Over-supplying certain types of workers to the local labour market — be they hairdressers, plumbers, welders or anything else — is clearly not a particularly efficient way of supplying the local economy with what it needs. If it is known that there are likely to be, say, 50 openings in a college’s catchment area for hairdressers, and a college is training 250 hairdressers per year, then there is clearly something of a misalignment. The way out of this situation is for a college to use local labour market information in order to find out what the demands of their local economy actually are, and then to take steps to realign course provision to meet these needs.
However, as the Guardian article goes on to say, the fact that there is an oversupply of hairdressers is not necessarily a disaster, for the simple reason that hairdressing courses are about more than getting people ready for hairdressing. Rather, such courses include a good deal of transferrable skills that can be used in other occupations.
To back up the argument that transferrable skills are in many ways as important as the actual subject area studied, the article quotes Dawn Ward, principal of Burton and South Derbyshire College, as saying, “I was involved in a panel debate at a conference recently and I asked the delegates how many of them were still working in the original job they trained for … about 15 hands went up out of a hall packed with hundreds of people. The idea of having a job for life just doesn’t really exist anymore.”
The panel debate mentioned by Dawn Ward was at last year’s AoC Conference, in which discussion largely focused on a report produced by EMSI looking into the issue of hairdressing and transferrable skills. The Guardian article cites our report as providing evidence of how skills learnt by hairdressing students are often transferable to a range of occupations, some of which are in better-paid sectors like education and retail.
As our report argues, “With a strong pipeline of interest in studying this vocational area but limited labour market potential, we need to find a way of harnessing this interest but channelling it into areas with greater labour market need. The best way to achieve this is to understand the transferrable skills that are being developed when training to become a hairdresser and identify other occupations that require similar skillsets.”

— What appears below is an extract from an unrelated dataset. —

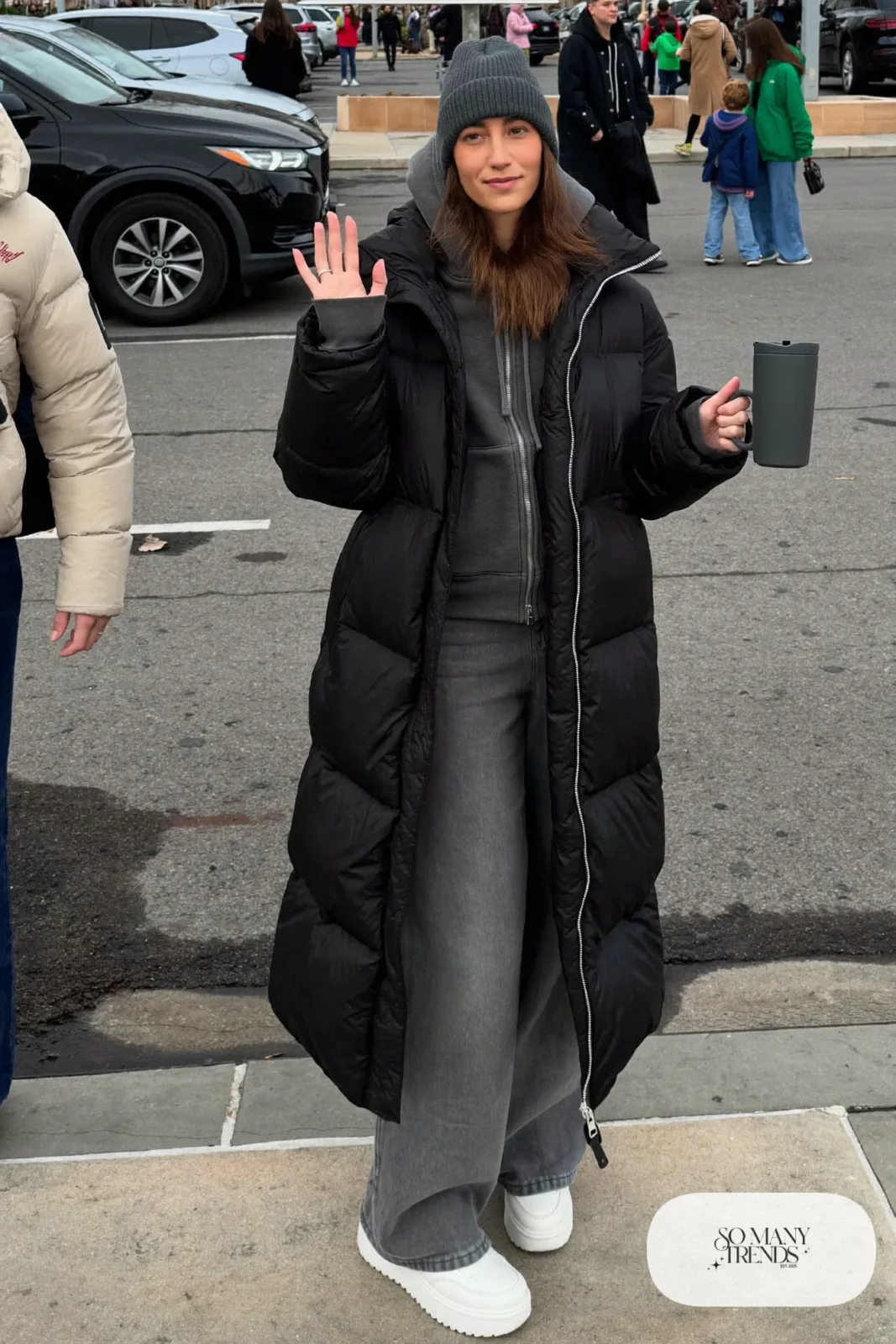 long black puffer coat, charcoal hoodie, gray straight jeans, white leather sneakers, beanie outfit 8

One of the best ways to understand transferrable skills, is through the US research programme O*Net, which we have adapted for the UK and have embedded into our Analyst tool. The O*Net system basically measures every standard occupation against a set of core skills, competencies and knowledge requirements, grading them using a scale of 1 to 100 on the level of importance and expertise to the role of that component. These skills, competencies and knowledge requirements are then matched with other occupations requiring similar skillsets. Using this system, our report found that based on a compatibility score of 90 or more (100 being fully compatible), there are almost 1.4m jobs in occupations with broadly similar skills requirements to hairdressing in England, and that there are 66,000 openings in such occupations each year.
Massive over-supply of learners in a particular occupation is clearly not a desirable outcome, and colleges need to take steps to ensure that their curriculum provision is reasonably closely aligned to the demands of their local labour market. However, over-supply is perhaps not the disaster that it is sometimes held up to be. Through transferrable skills, many learners end up in trades which, whilst not necessarily being what they trained for, nevertheless make good use of the skills they learned whilst training for another occupation entirely.